Rousseau'nun da belirttiği gibi, Wellington, Napolyon gibi bir canavarla savaşırken, bir zamanlar aristokratik bir faaliyet olan tilki avını anımsatan bir şey olarak görülebilir. Her durumda, Wellington'un komutasındaki ordusu, Napolyon'a bir ayı veya tilki gibi davranmak yerine, onun rakibi gibi davranır. Bu durum, filmde bir subayın savaş başlamadan önce beyaz atının üzerindeki birlikleri denetleyen Napolyon'u vurmak istediğinde açıkça ortaya çıkar. Wellington, bunun hiçbir şekilde kabul edilemeyeceğini belirterek, ordunun genel olarak daha yüksek sorumlulukları olduğunu ekler.
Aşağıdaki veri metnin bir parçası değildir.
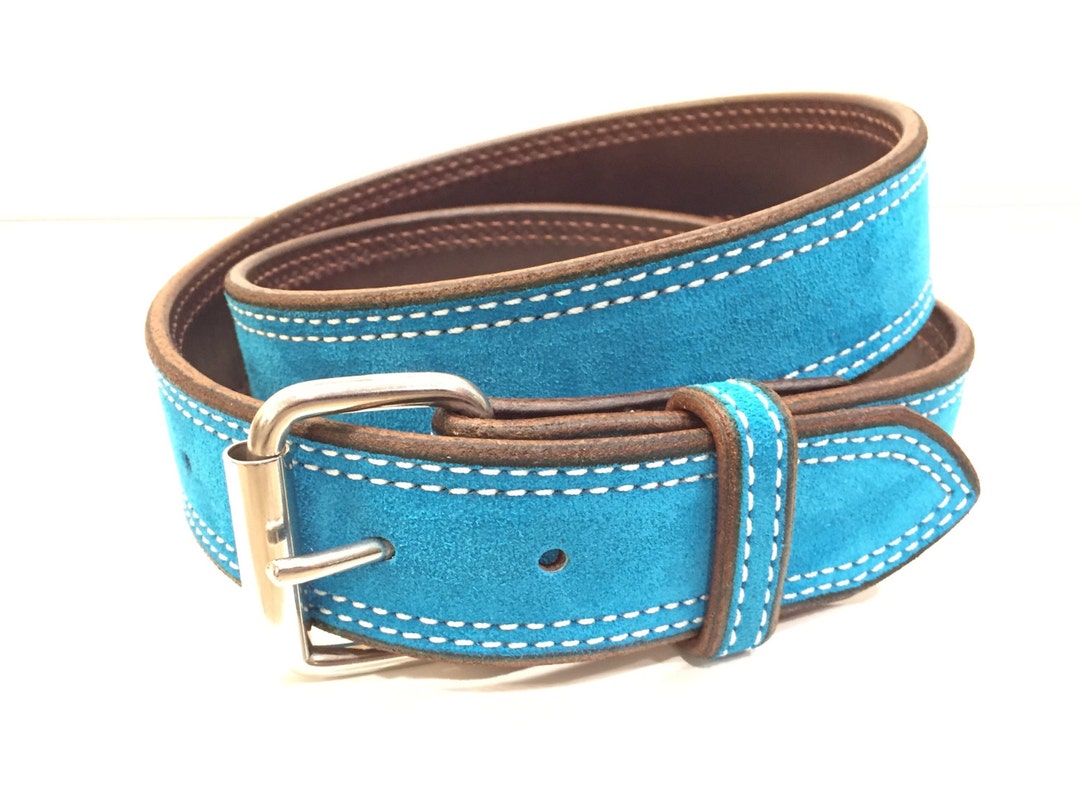 Turquoise Suede Belt,turquoise Leather Belt,turquoise Belt,blue Suede ...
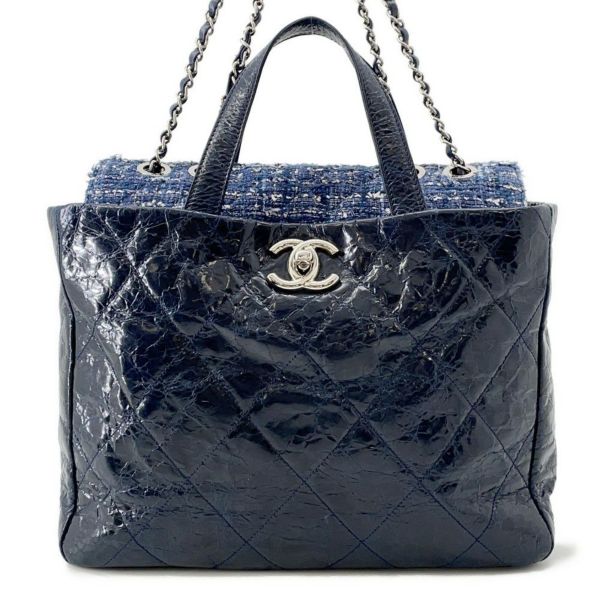 シャネル  チェーンショルダーバッグ マトラッセ ココマーク ポートベロー ツイード A46148 CHANEL 2way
Wellington Dükü'nün savaş alanının arkasında kendi hayatını koruduğu bu eylem, her iki rakibin hayvanlarla ilgili bir eşitlik düşüncesiyle de açıklanabilir.

Napolyon'un korkunç ününe rağmen, düşmanı onu insanlık adına öldürmeye karar vermez; tam tersine, onun en hayvani yönleriyle başa çıkmadan kendisini doğanın affedilmez bir hatası olarak görür. 1970 yapımı bu İtalyan-Sovyet ortak yapımı tarihi filmde Rod Steiger, Napolyon Bonapart'ı; Christopher Plummer ise Wellington Dükü'nü canlandırmıştır. Orson Welles ise XVIII. Louis rolünde küçük bir rol oynamıştır. Filmde yaklaşık 15.000 Sovyet piyadesi ve 2.000'e yakın süvari kullanılmıştır. Yönetmen Bondarchuk'un dünya tarihinin en büyük yedinci ordusu olduğuna dair espriler film yapımı sırasında da dolaşmıştır.